Graham Neubig (Nara Institute of Science and Technology) — Simultaneous Speech Translation
Baltimore, MD, 21218
Speech translation is an application of machine translation that converts utterances from the speaker’s language into the listener’s language. One of the most identifying features of speech translation is the fact that it must be performed in real time while the speaker is speaking, and thus it is necessary to split a constant stream of words into translatable segments before starting the translation process. “Simultaneous speech translation” is a line of research that investigates how to perform this segmentation and translation with minimal delay, presenting the translation results to the user as soon as possible. However, because this entails potentially starting translation before the speaker has spoken the whole sentence, it is often necessary to translate before recieving a syntactically or semantically complete unit, and methods to maintain translation accuracy in these adversary conditions are necessary.
In this talk, I will present four major threads of work in simultaneous speech translation covering (1) segmentation strategies, which decide when it is appropriate to start translation, (2) prediction methods, which attempt to predict content that the user has not yet spoken, (3) rewording, which changes the standard way of wording output to make it more conducive to low-latency translation, and (4) evaluation, which attempts to make clear just how important speed and accuracy are in the simultaneous speech translation task.

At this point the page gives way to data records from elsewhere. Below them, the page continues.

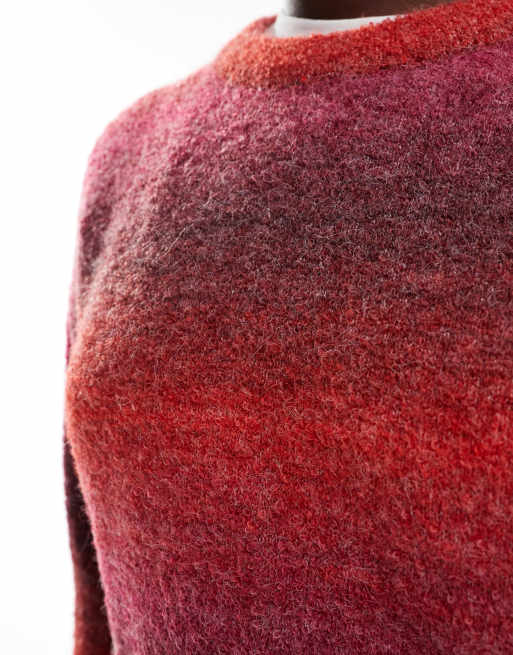 JJXX - Oversized gebreide trui met kleurverloop in rood, 3 van 4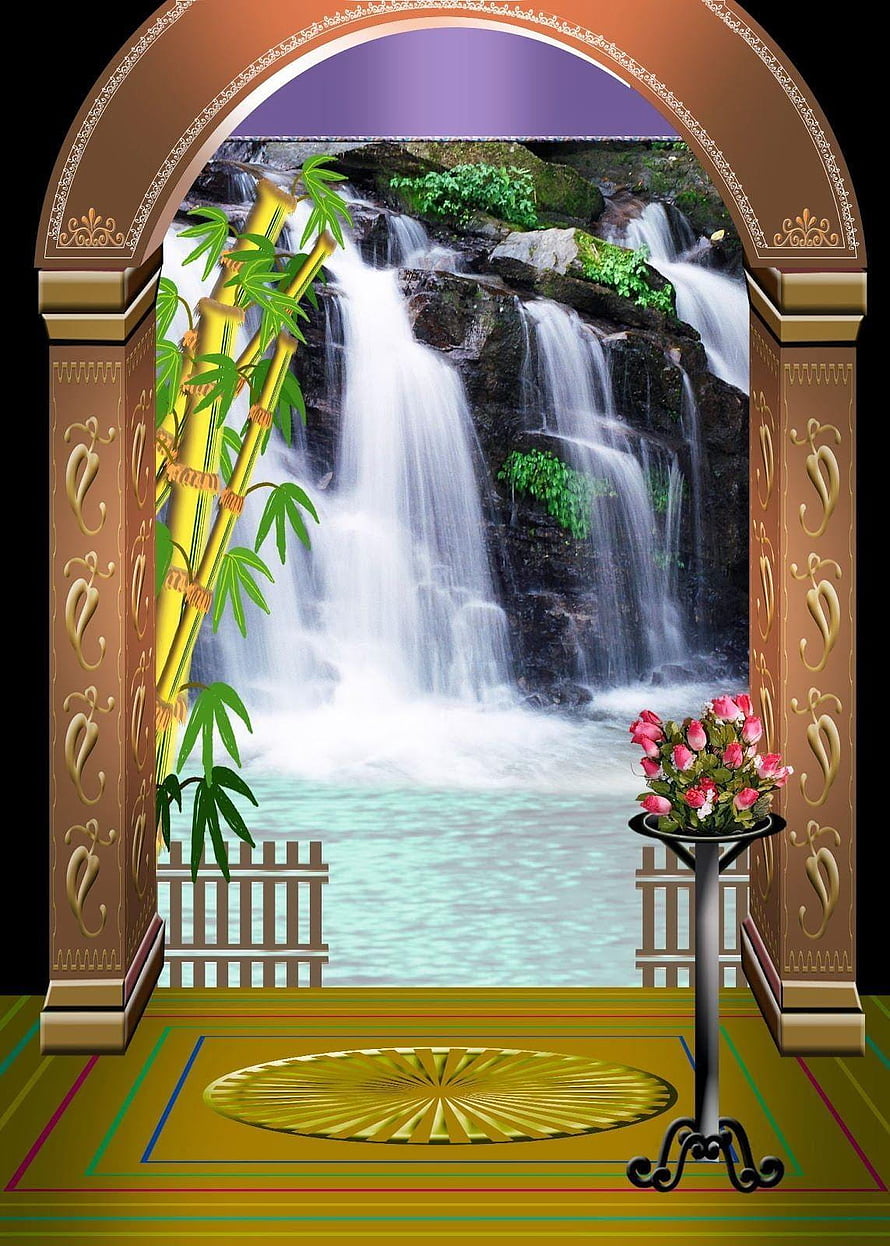 Ornate Arch Framing Bamboo Garden Waterfall Scene with Floral Stand HD phone wallpaper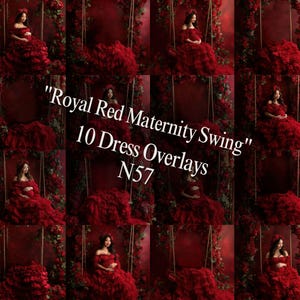 Red Swing Dress Background, Digital Dress Overlays, Maternity Gown Backdrop, Pregnancy Fine Art, Flying Fabric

Graham Neubig received his B.E. from University of Illinois, Urbana-Champaign, U.S.A, in 2005, and his M.E. and Ph.D. in informatics from Kyoto University, Kyoto, Japan in 2010 and 2012 respectively. He is currently an assistant professor at the Nara Institute of Science an Technology, Nara, Japan. His research interests include natural language and speech processing, with a focus on machine learning approaches for applications such as machine translation, spoken language analysis, spoken dialog, and syntactic/semantic parsing.